Our most recent gift was the banner of the “Tunerville Trolley” that is featured above. Actually it referred to the Conneaut and Erie Trolley (C&E) that operated between the two locations from early in 1904 until February 1922. It arrived in Fairview on June 14, 1903. Eventually the elin went as far east as Buffalo and as far west as Cleveland.
Route 20 was not yet paved and travel by trolley was easy and inexpensive. The trip from the borough to Central Park in Erie took 70 minutes and cost less than 50₵. The cars had heat and light and could seat 60 people.
On weekdays many farmers who lived all along the line would load their produce onto the freight cars to take it into market.

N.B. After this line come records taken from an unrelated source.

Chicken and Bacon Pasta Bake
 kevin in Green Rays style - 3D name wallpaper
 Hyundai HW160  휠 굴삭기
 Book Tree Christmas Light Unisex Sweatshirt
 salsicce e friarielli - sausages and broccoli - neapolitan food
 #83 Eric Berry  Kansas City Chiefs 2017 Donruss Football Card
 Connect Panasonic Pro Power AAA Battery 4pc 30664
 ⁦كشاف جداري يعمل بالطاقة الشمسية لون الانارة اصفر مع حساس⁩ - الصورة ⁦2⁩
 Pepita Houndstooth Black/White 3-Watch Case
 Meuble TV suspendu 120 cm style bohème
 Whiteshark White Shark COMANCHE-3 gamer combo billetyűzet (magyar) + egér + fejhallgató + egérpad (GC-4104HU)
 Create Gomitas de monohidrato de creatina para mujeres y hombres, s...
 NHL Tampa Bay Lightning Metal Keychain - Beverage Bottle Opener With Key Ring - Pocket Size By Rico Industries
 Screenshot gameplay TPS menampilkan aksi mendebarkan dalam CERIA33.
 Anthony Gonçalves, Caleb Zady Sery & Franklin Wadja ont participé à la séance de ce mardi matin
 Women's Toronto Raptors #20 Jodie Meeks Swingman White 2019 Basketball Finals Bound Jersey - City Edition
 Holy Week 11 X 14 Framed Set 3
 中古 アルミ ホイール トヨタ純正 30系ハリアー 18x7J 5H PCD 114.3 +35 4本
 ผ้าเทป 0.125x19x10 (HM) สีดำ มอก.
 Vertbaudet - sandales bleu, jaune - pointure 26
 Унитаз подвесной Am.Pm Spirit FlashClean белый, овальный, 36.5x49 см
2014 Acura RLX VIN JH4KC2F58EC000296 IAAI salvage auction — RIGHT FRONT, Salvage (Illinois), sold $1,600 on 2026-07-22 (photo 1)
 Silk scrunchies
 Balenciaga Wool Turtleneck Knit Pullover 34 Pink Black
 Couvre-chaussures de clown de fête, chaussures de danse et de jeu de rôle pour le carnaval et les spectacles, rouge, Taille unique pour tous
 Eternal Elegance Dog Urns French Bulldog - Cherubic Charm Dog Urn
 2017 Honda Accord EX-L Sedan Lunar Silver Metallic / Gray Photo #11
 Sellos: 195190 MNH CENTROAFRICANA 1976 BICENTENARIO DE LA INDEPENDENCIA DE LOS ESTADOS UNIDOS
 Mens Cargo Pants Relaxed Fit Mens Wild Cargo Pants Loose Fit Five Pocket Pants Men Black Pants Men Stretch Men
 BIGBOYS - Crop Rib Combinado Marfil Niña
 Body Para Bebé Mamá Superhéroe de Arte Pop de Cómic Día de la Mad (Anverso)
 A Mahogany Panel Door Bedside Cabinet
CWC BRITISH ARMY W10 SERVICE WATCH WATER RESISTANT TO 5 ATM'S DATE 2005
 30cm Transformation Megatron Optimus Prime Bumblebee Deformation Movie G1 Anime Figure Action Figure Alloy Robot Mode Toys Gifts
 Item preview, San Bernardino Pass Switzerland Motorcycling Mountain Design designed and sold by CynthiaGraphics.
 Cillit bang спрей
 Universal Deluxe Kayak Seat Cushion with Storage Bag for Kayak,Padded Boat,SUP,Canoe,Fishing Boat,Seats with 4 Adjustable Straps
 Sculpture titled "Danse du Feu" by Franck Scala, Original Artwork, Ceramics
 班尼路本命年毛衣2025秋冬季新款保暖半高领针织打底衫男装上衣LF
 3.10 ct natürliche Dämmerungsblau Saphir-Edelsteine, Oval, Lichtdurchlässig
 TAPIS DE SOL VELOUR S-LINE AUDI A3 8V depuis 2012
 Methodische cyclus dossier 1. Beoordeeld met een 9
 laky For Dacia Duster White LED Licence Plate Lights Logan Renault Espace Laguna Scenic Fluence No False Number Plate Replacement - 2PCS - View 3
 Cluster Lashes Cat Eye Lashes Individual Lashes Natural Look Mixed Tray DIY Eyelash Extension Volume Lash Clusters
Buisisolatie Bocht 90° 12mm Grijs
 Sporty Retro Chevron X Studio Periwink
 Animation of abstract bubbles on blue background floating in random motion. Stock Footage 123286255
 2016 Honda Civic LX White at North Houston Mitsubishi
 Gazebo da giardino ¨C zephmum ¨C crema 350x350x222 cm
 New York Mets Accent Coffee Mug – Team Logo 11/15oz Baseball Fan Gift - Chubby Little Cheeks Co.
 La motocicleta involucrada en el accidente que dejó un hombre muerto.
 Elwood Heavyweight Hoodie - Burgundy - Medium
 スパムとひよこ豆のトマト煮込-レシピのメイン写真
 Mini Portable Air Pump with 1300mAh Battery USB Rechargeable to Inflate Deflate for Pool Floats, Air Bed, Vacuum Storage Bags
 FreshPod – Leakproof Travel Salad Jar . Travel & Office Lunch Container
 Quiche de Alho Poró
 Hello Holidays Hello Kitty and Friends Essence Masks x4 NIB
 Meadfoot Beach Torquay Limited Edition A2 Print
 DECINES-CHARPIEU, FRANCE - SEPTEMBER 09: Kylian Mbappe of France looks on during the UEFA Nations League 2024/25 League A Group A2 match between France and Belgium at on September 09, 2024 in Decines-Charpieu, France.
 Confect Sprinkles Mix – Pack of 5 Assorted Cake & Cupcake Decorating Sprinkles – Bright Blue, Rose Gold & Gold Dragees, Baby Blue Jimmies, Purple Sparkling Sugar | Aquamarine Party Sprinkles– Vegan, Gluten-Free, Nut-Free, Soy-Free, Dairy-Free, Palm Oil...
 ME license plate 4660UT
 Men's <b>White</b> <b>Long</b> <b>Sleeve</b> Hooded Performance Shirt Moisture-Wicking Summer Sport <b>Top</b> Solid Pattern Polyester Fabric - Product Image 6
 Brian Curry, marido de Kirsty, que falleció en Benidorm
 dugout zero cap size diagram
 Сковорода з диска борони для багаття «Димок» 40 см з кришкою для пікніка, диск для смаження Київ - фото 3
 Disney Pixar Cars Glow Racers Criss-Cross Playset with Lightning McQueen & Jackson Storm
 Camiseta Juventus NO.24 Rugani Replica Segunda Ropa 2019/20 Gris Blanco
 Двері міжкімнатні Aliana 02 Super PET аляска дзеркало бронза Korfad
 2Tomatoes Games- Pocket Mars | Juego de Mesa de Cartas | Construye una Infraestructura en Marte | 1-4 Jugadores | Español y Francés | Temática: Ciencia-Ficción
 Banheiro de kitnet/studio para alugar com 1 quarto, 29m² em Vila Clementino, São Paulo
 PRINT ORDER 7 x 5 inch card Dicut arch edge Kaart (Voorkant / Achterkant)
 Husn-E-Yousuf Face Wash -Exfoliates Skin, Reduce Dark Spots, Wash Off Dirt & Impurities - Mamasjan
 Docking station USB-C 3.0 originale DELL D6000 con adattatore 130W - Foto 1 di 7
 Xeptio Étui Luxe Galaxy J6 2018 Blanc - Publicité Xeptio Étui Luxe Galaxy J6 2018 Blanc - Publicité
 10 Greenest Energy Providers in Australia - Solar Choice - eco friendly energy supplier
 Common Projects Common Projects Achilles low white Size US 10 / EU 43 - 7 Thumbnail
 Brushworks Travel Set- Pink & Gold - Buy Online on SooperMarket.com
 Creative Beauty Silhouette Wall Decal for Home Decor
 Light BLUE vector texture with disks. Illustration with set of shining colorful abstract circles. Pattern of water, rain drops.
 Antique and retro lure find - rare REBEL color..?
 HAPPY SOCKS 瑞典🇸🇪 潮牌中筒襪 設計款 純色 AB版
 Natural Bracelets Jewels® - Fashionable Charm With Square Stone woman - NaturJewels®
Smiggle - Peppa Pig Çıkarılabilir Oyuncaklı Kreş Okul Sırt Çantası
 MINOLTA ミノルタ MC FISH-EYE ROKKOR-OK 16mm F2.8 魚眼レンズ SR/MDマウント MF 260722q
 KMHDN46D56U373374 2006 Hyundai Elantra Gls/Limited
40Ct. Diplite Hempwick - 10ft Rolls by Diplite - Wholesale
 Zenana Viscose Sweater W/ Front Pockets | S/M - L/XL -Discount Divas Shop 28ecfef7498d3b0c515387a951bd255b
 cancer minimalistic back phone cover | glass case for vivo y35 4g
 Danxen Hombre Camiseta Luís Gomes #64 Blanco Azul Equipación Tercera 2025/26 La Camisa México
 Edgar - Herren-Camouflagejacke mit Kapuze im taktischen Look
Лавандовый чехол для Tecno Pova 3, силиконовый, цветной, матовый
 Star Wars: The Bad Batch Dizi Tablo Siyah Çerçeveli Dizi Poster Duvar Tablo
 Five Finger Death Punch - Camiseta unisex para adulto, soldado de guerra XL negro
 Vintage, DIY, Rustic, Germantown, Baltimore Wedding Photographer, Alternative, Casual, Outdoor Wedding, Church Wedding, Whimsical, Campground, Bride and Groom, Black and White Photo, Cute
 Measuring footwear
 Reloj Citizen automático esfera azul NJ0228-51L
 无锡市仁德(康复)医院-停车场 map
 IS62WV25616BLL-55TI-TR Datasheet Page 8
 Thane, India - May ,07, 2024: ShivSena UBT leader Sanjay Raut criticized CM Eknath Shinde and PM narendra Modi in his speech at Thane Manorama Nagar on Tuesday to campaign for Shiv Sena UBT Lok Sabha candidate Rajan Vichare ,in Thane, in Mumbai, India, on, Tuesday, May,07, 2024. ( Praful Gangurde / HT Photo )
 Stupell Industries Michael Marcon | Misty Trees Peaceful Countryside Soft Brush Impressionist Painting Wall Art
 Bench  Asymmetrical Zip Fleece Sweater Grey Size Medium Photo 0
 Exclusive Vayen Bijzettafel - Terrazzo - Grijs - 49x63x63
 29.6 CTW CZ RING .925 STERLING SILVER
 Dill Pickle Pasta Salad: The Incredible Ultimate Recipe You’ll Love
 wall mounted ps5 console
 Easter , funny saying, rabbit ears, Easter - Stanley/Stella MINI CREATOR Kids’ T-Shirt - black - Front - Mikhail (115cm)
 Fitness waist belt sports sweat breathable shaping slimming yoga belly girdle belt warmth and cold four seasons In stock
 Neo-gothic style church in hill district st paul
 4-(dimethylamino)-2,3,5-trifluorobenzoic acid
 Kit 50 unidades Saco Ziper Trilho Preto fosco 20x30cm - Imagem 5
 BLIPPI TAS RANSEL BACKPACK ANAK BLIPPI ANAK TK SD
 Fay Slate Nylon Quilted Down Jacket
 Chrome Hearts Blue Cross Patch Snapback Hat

Folks traveled in the passenger cars into Erie to shop and on Sundays other folks came west to visit their “cousins in the country.”
Also coming this way, groceries were sometimes loaded on those freight cars for the Dr. and the Mrs. Dr. Weeks’ drug store. Ice cream was the big item and when the Weeks received their shipment they hung out a sign to that effect.
Trolley stops were marked with a cement slab covered by a three-sided shed. The route of the trolley was along the Ridge Road to Bear Creek Road, on to Water Street, crossing Route 98 with a stop in front of the Presbyterian Church, then on to meet Main Street (Route 20/Ridge Road) and on west to Girard. Another stop in the area was across from the Dobler Mansion. The slab in front of the church remained for many years after the shed came down but was removed in the mid-1990s with the installation of new sidewalks.
The trolley provided employment to a number of Fairview men who were regarded as important as the stagecoach drivers a century before. “They performed the duties of hosts, tour guides, public relations agents, salesmen and perhaps even counselors to troubled riders,” recalled an article in the Cosmopolite in 1985.
In 1910 the Cosmopolite published another article that glamorized the service with a description of the “Walnut Creek Gorge,” the “ever changing botany… and the views of the lake from the rise of the Ridge Road.”
A feature of the line was Elk Creek Park just west of Girard and in its day rivaled Waldameer. It was a popular place for family outings, dancing in the open-air pavilion, ballgames and more. The park continued for several years after the trolley ceased operating, and that is another story altogether!